Grünes Licht für Postreform
Der Bundesrat hat dem Postrechtsmodernisierungsgesetz zugestimmt. Briefe werden auch zukünftig an sechs Tagen in der Woche zugestellt, allerdings werden die Brieflaufzeiten um einen Tag zu verlängert. Mussten bisher Briefe mit einer Wahrscheinlichkeit von 95% am zweiten Werktag nach dem Absenden beim Empfänger ankommen, müssen sie das zukünftig erst am dritten Werktag. Um den Wettbewerb bei Warensendungen - insbesondere im Online-Handel - zu stärken, wird der Markt für weitere Anbieter geöffnet. Voraussetzung für Marktzugang ist die Einhaltung der Regelungen zu den Arbeitsbedingungen für die Beschäftigten. Letzteres gilt insbesondere mit Blick auf schwere Pakete, die künftig ab 20 kg nur noch von mindestens zwei Personen oder mit geeigneten technischen Hilfsmitteln ausgeliefert werden dürfen.
Ziel der Novelle ist auch eine höhere Nachhaltigkeit bei der Paketzustellung. Durch ein Umweltzeichen sollen die Empfängerinnen und Empfänger nachvollziehen können, wie hoch die Treibhausbelastung durch die jeweilige Paketbeförderung war.

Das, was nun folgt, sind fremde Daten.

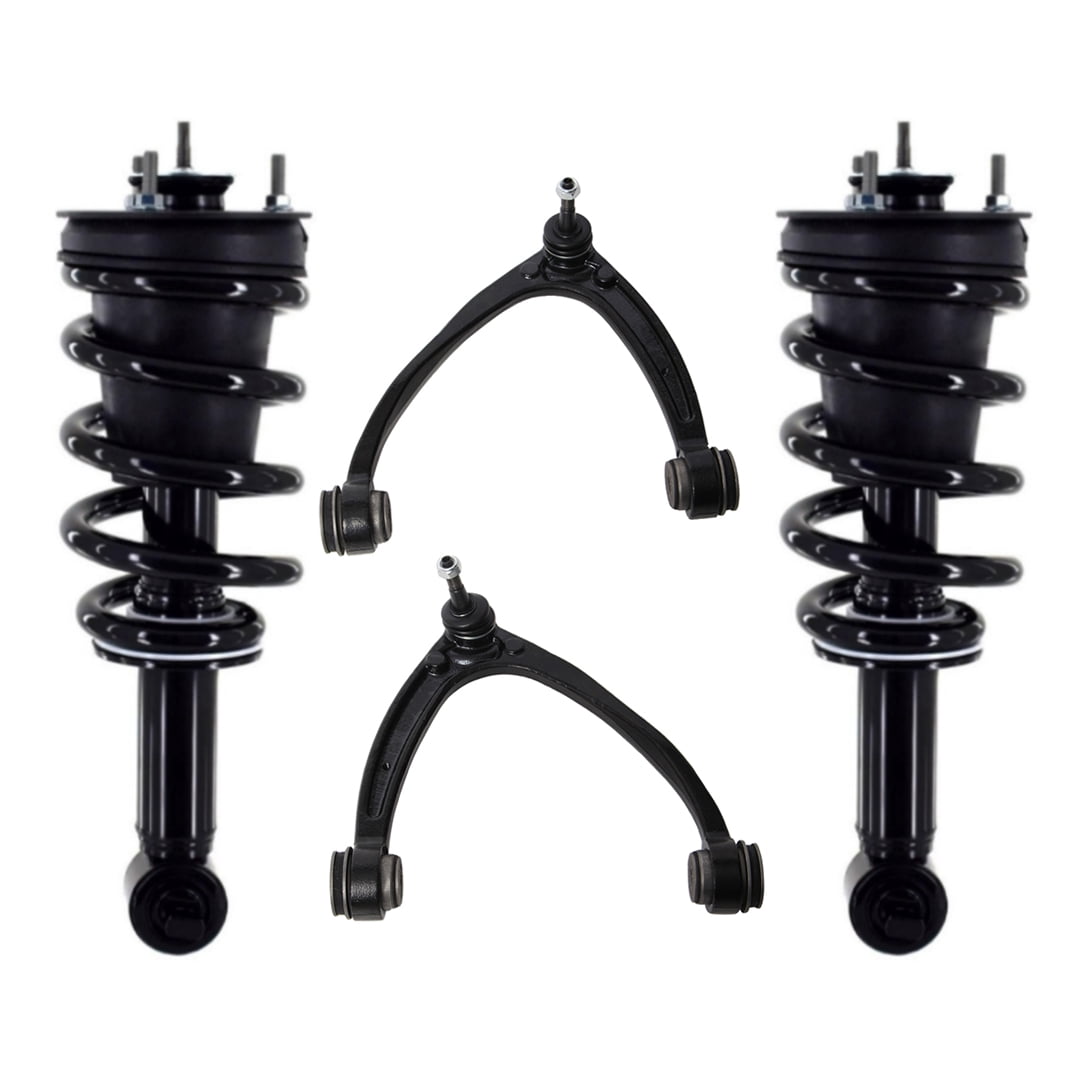 Set of 4 Front Upper Control Arm Ball Joint-Quick Complete Strut-Coil Spring Assembly For 2015 2016 Chevrolet Suburban RWD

Bundesrat verlangt Strafe für bösartige Deepfakes und Straftatbestand für politisches Stalking
Der Bundesrat hat Freitag zudem einen Gesetzentwurf zum strafrechtlichen Schutz von Persönlichkeitsrechten vor Deepfakes beschlossen. Er geht auf eine Initiative von Bayern zurück. Unter Deepfakes versteht man realistisch wirkende Medieninhalte, die am Computer – immer häufiger unter Verwendung von künstlicher Intelligenz – erzeugt werden. Das bestehende Strafrecht erfasse das Phänomen der Deepfakes bisher nur in Teilaspekten, so dass die Schaffung eines neuen Tatbestandes "Verletzung von Persönlichkeitsrechten durch digitale Fälschung" erforderlich sei.
Die Länder haben außerdem einen Gesetzentwurf für einen besseren strafrechtlichen Schutz von Amts- und Mandatsträgerinnen und -trägern auf den Weg gebracht. Im Kern schafft der Gesetzentwurf den neuen Straftatbestand der Beeinflussung von Amts- und Mandatsträgern durch sogenanntes politisches Stalking. Damit sollen Entscheidungsträger gerade auch auf kommunaler Ebene vor einer Einflussnahme durch bedrohliche Übergriffe in ihr Privatleben geschützt werden. Der Entwurf sieht auch vor, dass die Strafe in der Regel härter ausfällt, wenn das politische Stalking mit einem körperlichen Angriff einhergeht.